Attribute name Description
externalGroupId Identifies a group of users
anyUeInd Identifies whether the AF request applies to any UE. This attribute shall set to “true” if applicable for any UE, otherwise, set to “false”
gpsi Identifies a user
ipv4Addr Identifies the IPv4 address
ipv6Addr Identifies the IPv6 address
macAddr Identifies the MAC address

Note: One of individual UE identifier (i.e. “gpsi”, “ipv4Addr”, “ipv6Addr” or macAddr), External Group Identifier (i.e. “externalGroupId”) or any UE indication “anyUeInd” shall be included

Application Relocation (Optional)

Attribute name Description
appReloInd Identifies whether an application can be relocated once a location of the application has been selected. Set to “true” if it can be relocated; otherwise set to “false”. Default value is “false” if omitted

Traffic Routing (Optional)

Attribute name Description
trafficRoutes Identifies the N6 traffic routing requirement

Spatial Validity (Optional)

Attribute name Description
validGeoZoneIds Identifies a geographic zone that the AF request applies only to the traffic of UE(s) located in this specific zone

Temporal Validity (Optional)

Attribute name Description
tempValidities Indicates the time interval(s) during which the AF request is to be applied

UPF Event Notifications (Optional)

Attribute name Description
subscribedEvents Identifies the requirement to be notified of the event(s)
dnaiChgType Identifies a type of notification regarding UP path management event
notificationDestination Contains the Callback URL to receive the notification from the NEF. It shall be present if the “subscribedEvents” is present

AF to NEF specific (Optional)

Attribute name Description
suppFeat Indicates the list of Supported features used as described in subclause 5.4.4. This attribute shall be provided in the POST request and in the response of successful resource creation. Values 1 - Notification_websocket 2 - Notification_test_event
requestTestNotification Set to true by the AF to request the NEF to send a test notification as defined in subclause 5.2.5.3 of 3GPP TS 29.122 [4]. Set to false or omitted otherwise
websockNotifConfig Configuration parameters to set up notification delivery over Websocket protocol

Packet Flow Description transaction description

This sections describes the parameters that are used in the Packet flow description POST request. Groups mentioned as Mandatory needs to be provided, in the absence of the Mandatory parameters a 400 response would be returned.

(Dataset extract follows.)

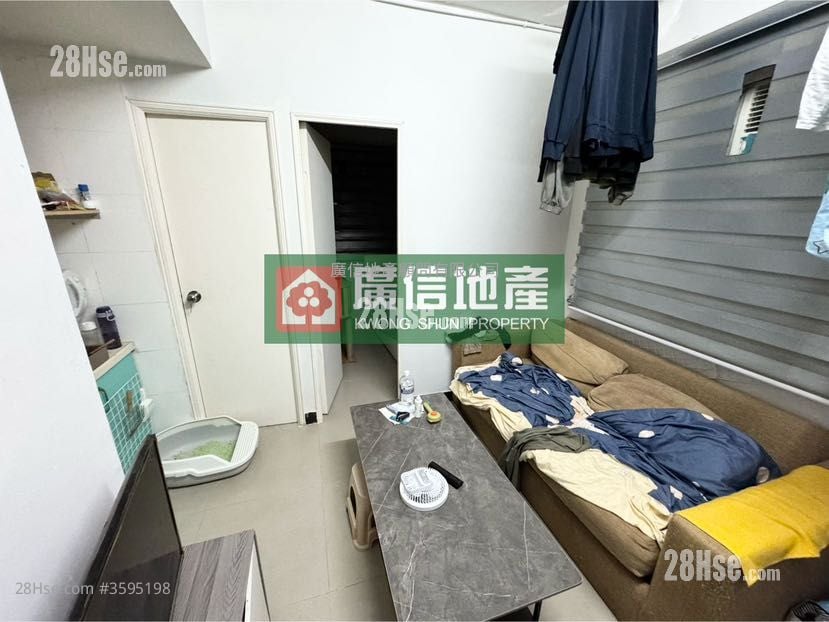Tsung Nga Building Sell 2 Bedrooms , 1 Bathroom 251 ft²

Attribute name Mandatory Description
externalAppID Yes Unique Application identifier of a PFD
Allowed Delay No Indicates that the list of PFDs in this request should be deployed within the time interval indicated by the Allowed Delay
Caching Time No It shall be included when the allowed delayed cannot be satisfied, i.e. it is smaller than the caching time configured in fetching PFD
pfdId Yes Identifies a PFD of an application identifier.
flowDescriptions NOTE Represents a 3-tuple with protocol, server ip and server port for UL/DL application traffic.
Urls NOTE Indicates a URL or a regular expression which is used to match the significant parts of the URL.
domainName NOTE Indicates an FQDN or a regular expression as a domain name matching criteria.

NOTE: One of the attribute of flowDescriptions, URls and domainName is mandatory.